▸ WHAT TO PRODUCE
The records below must be returned exactly, with every picture left out.

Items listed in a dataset

•••

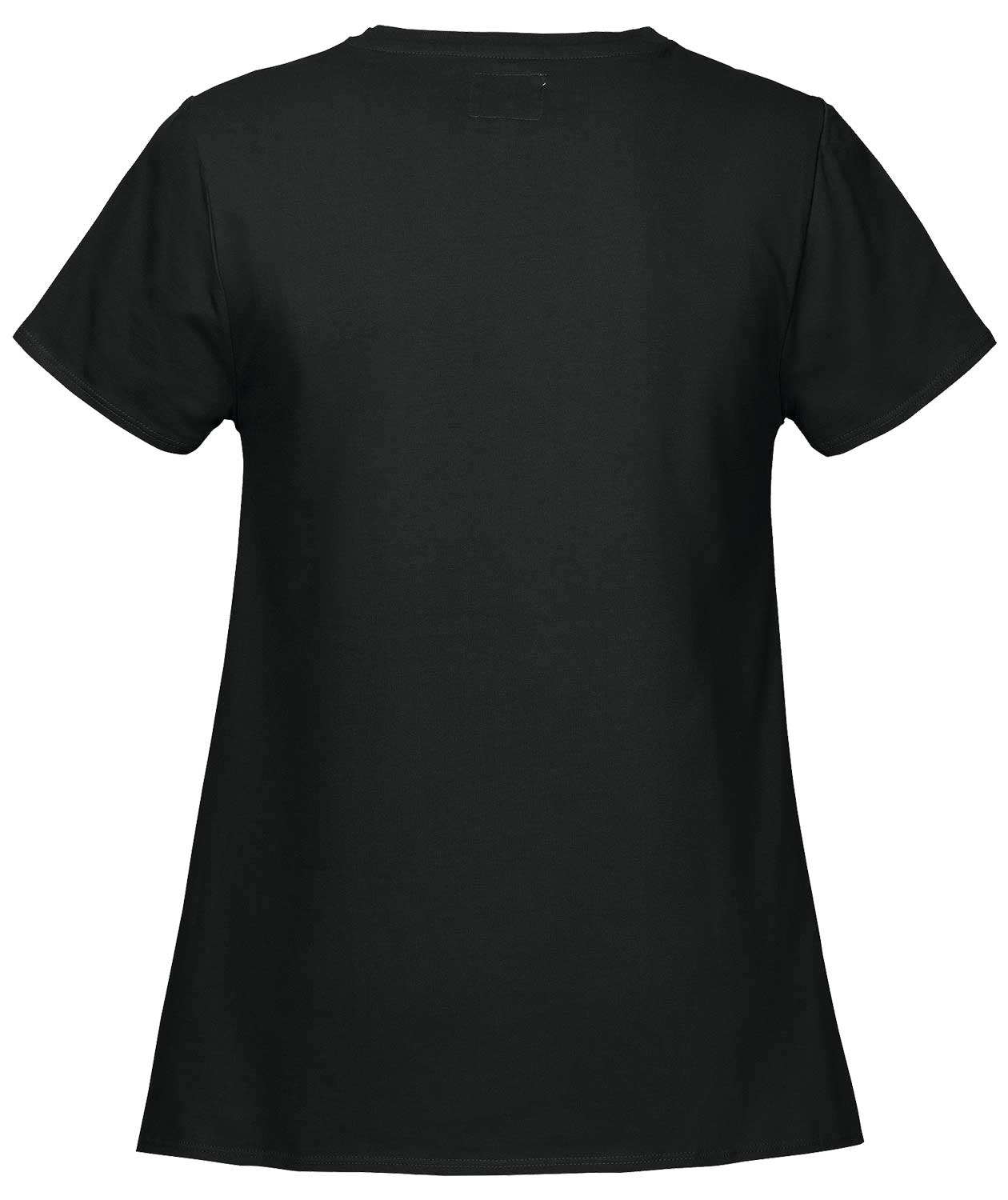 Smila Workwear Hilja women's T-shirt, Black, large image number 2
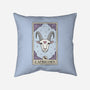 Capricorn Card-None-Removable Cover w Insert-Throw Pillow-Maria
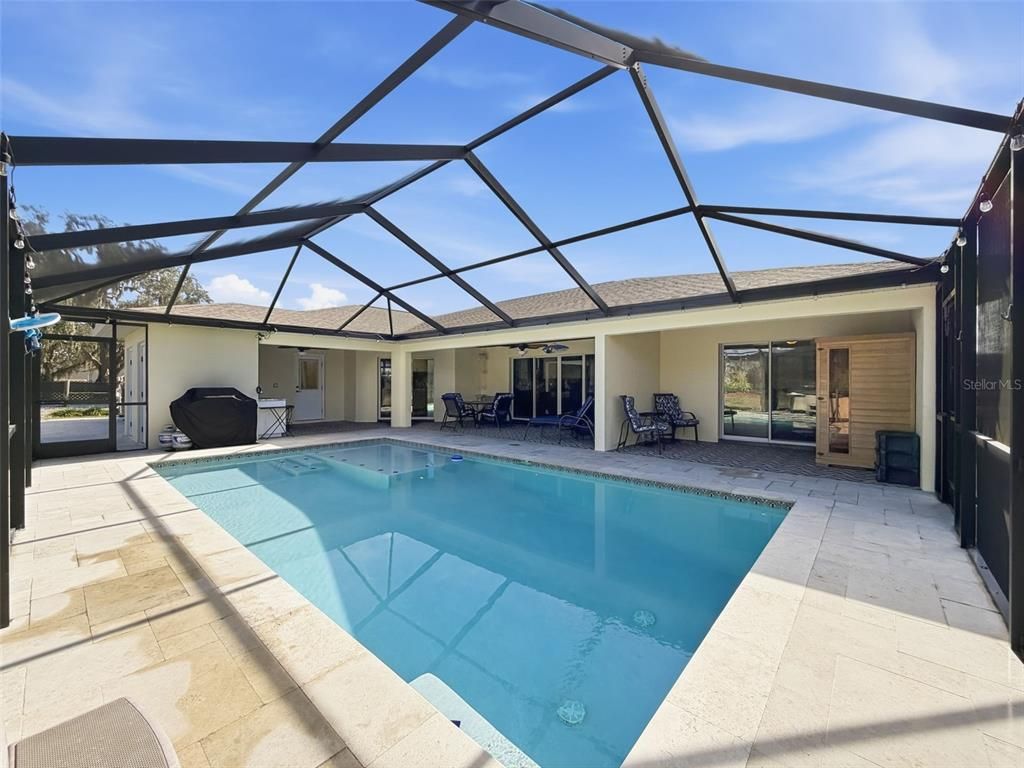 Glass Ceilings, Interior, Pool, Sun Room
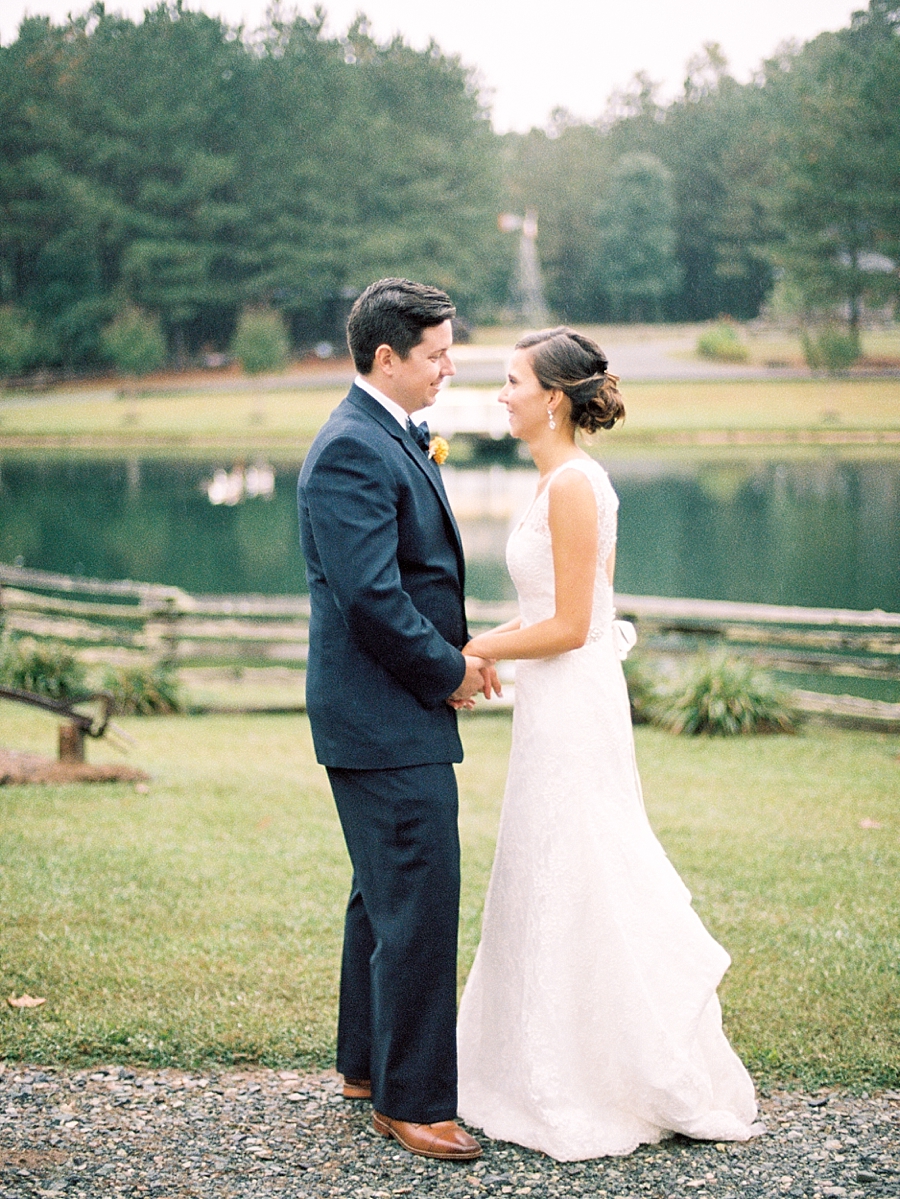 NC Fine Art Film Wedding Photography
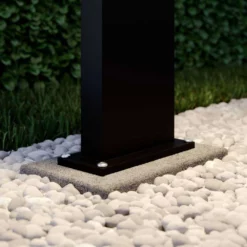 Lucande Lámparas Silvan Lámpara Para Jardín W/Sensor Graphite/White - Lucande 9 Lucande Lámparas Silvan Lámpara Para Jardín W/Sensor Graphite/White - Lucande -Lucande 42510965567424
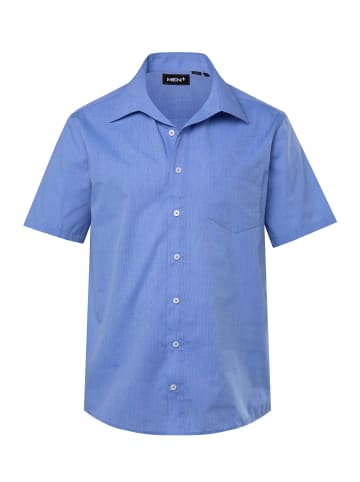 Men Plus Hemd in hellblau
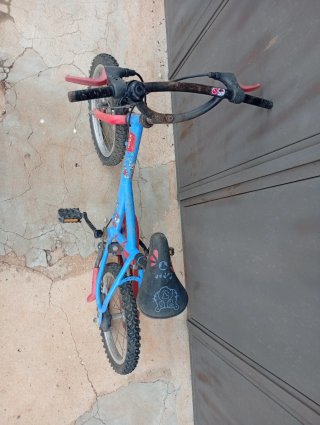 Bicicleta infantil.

•••

▸ SOLUTION TO THE PROBLEM
 Smila Workwear Hilja women's T-shirt, Black, large image number 2
 Capricorn Card-None-Removable Cover w Insert-Throw Pillow-Maria
 Glass Ceilings, Interior, Pool, Sun Room
 NC Fine Art Film Wedding Photography
 Lucande Lámparas Silvan Lámpara Para Jardín W/Sensor Graphite/White - Lucande 9 Lucande Lámparas Silvan Lámpara Para Jardín W/Sensor Graphite/White - Lucande -Lucande 42510965567424
 Men Plus Hemd in hellblau
 Bicicleta infantil.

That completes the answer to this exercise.